Operationally, the weighted maximization of Eq. 23 is numerically obtained in the fashion of what is already discussed in Sect. 3.1.1.

Automatic Detection of Atypical Observations

To classify each observation, a two-step procedure is needed. First of all, we have to determine the cluster memberships. To this aim, we rely on the maximum a posteriori probabilities (MAP) operator, that is

$$ \text {MAP}(\widehat{z}_{ij})= {\left\{ \begin{array}{ll} 1 &{} \quad \text {if}\hspace{0.5em} \max _h\left\{ \widehat{z}_{ih}\right\} \text {occurs in group} \hspace{0.5em} h=j, \\ 0 &{} \quad \text {if}\hspace{0.5em} \text {otherwise}, \\ \end{array}\right. } $$

where \(\widehat{z}_{ij}\) is the value obtained at the convergence of the EM algorithm. Then, it is possible to determine whether a generic observation is typical or not via the a posteriori probability

$$\begin{aligned} P\left( \varvec{x}_{-d} \text { is typical};\widehat{\varvec{\theta }}_h,\widehat{\gamma }_h,\widehat{\beta }_h,\widehat{\eta }_h\right) = \frac{\widehat{\varvec{\theta }}_h f_{\text {UD}}\left( \varvec{x}_{-d};\widehat{\varvec{\theta }}_h,\widehat{\gamma }_h\right) }{f_{\text {CUD}}\left( \varvec{x}_{-d};\widehat{\varvec{\theta }}_h,\widehat{\gamma }_h,\widehat{\beta }_h,\widehat{\eta }_h\right) }. \end{aligned}$$
(24)

According to Eq. 24, \(\varvec{x}_{-d}\) is considered typical in cluster h if \(P\left( \varvec{x}_{-d}\text { is typical};\widehat{\varvec{\theta }}_h,\widehat{\gamma }_h,\widehat{\beta }_h,\widehat{\eta }_h\right) >0.5\), while it will be considered atypical otherwise.

Fig. 3
figure 3

Four simulated datasets from Scenario 1 with the four atypical point locations. The atypical point is in red

4 Simulated Data Analyses

In this section, we investigate several aspects via simulated data. Specifically, in Sect. 4.1, we perform a sensitivity analysis that aims at evaluating the impact of a single atypical observation on the parameter estimates of the UD and CUD distributions. In Sect. 4.2, we implement a further sensitivity analysis to assess the impact of background noise on the data classification of UD-M and CUD-M models. Furthermore, we also evaluate the behavior of the CUD-M model in automatically detecting atypical observations. Finally, in Sect. 4.3, we evaluate the parameter recovery and mixture order selection for the CUD-M model under different data-generating settings.

4.1 Simulation Study 1

In this study, we simulate datasets of size \(n=100\) from the UD distribution in Eq. 4, after setting \(d=3\), \(\varvec{\theta }=(0.3,0.3)\), and \(\gamma =0.01\). We consider three scenarios (labeled as Scenario 1, 2, and 3) determined by the direction in which a single atypical point is placed in the simplex. Then, for a given scenario, the atypical point assumes four different locations (labeled as A, B, C, and D) such that it gradually moves away from the bulk of the data. Thus, we consider \(3 \times 4 = 12\) data configurations. Examples of simulated datasets for Scenario 1 at the four locations are illustrated in Fig. 3 via ternary diagrams.

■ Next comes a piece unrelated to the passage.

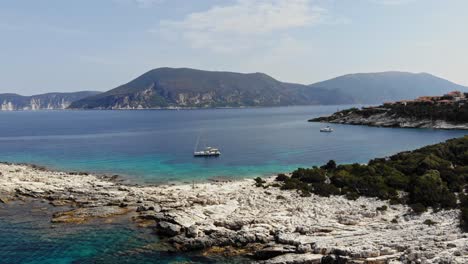 Ruhiges-Türkisfarbenes-Und-Blaues-Wasser-An-Einem-Steinigen-Abgelegenen-Strand-Mit-Booten,-Die-Im-Meer-Von-Paralia-Emplisi-Erisos-Griechenland-Verankert-Sind---Luftaufnahme-Mit-Vorwärtsschwenk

As we can see, when moving from location A to D, the atypical point goes further away from the rest of the points toward the lower left direction in the simplex. When we consider Scenarios 2 and 3, the atypical point moves along the lower right and upper direction in the simplex, respectively.

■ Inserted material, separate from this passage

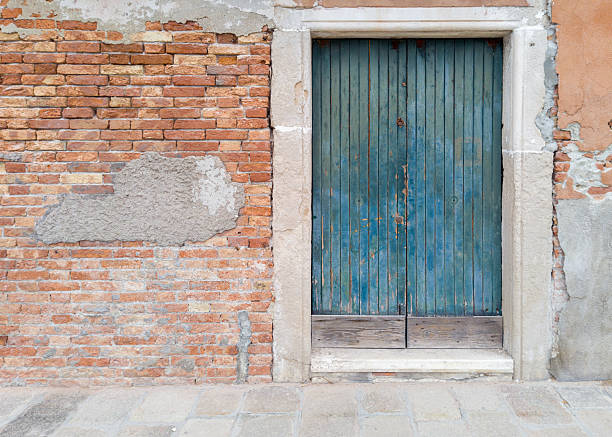 Old blue wooden door in brick wall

For each of the 12 data configurations, 500 datasets are generated, leading to a total of \(12 \times 500 = 6000\) datasets. On each simulated dataset, we fit both the UD and CUD distributions and compute the absolute difference between the true parameter values and the estimated ones. Results are reported via the box plots of Fig. 4. Each subfigure refers to a specific scenario over the different locations. In turn, each box plot summarizes the behavior of the considered differences for the available 500 replications.

Fig. 4
figure 4

Box plots of the absolute difference between the true and the estimated parameter values, for the three scenarios (1 to 3) over the four locations (A to D)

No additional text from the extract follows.